First, a brief word about how Git keeps track of files that have been committed
or are ready to commit. The area where we view and edit files, Git calls the
“working tree”. When we run git add
, whether it’s on a brand new file or
just one we’ve changed, Git doesn’t just mark the file for commit, it saves a
copy from the working tree to an area it calls the “index”. You can verify this
by creating a file, adding it, editing it, then doing git status
. The file
will show up both as added and modified.
So when we’ve accidentally added a file we don’t want committed, what we
really want Git to do is remove it from the index. That’s exactly what
git rm --cached
does.
“HEAD”, meanwhile, is Git’s name for the latest commit on the current branch (the “tip”). For our brand-new repository, there is no “HEAD” yet, so it really doesn’t make any sense.
But usually we do want reset HEAD
. In fact, if reset HEAD
is the right
answer, Git will even tell us so:
( After an initial commit )
$ git add .gitignore code
$ git status
On branch master
Changes to be committed:
(use "git reset HEAD <file>..." to unstage)
new file: .gitignore
modified: code/code.c
In this case, reset HEAD
will update the index to match “HEAD”. (Updating
the index, but not the working tree, is the default for reset
.) That
means the working tree still has the changes, but the index has no change since
the latest commit, which is exactly what we want.
For the added file, we could choose to use git rm --cached
or git reset HEAD
,
because either removes the file from the index. But for the modified file, we
don’t want to use rm --cached
, because that will tell Git to stage the file
for deletion! This is true because Git will now mark that file as removed in
the index, when it exists in HEAD. So there’s now a pending deletion if we do
git commit
.
This is a pretty confusing situation. The confusion comes in because the term
“add” is overloaded for both adding new files and for staging modifications to
existing files. Really, it would be best if we could use reset
as the universal
command for unstaging files. And with a modern version of Git, we can. If
we use git reset
in a case where there is no HEAD, it will just remove the file
from the index, which is exactly what we want.
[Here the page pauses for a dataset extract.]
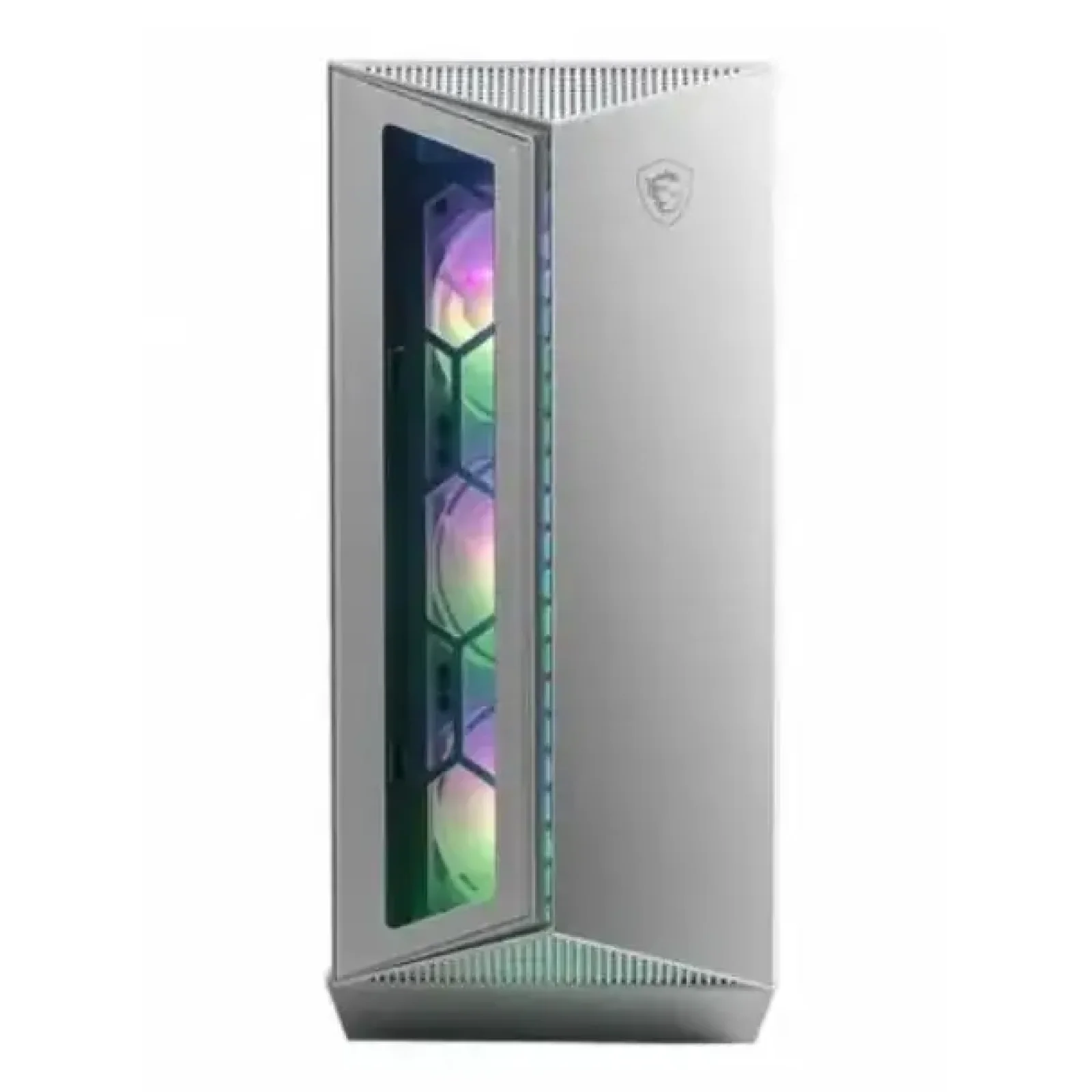 Корпус MSI MPG Gungnir 110R White без БП UA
So our previous example becomes:
$ git status
On branch master
Initial commit
Untracked files:
(use "git add <file>..." to include in what will be committed)
code/
nothing added to commit but untracked files present (use "git add" to track)
$ git add code
$ git status
On branch master
Initial commit
Changes to be committed:
(use "git rm --cached <file>..." to unstage)
new file: code/code.c
new file: code/code.o
$ git reset code
$ git status
On branch master
Initial commit
Untracked files:
(use "git add <file>..." to include in what will be committed)
code/
So the only thing left is for the suggestion message to reflect the
new capability of reset
, so we don’t have to be confused. But
at least we picked up a little more detail about Git along the way.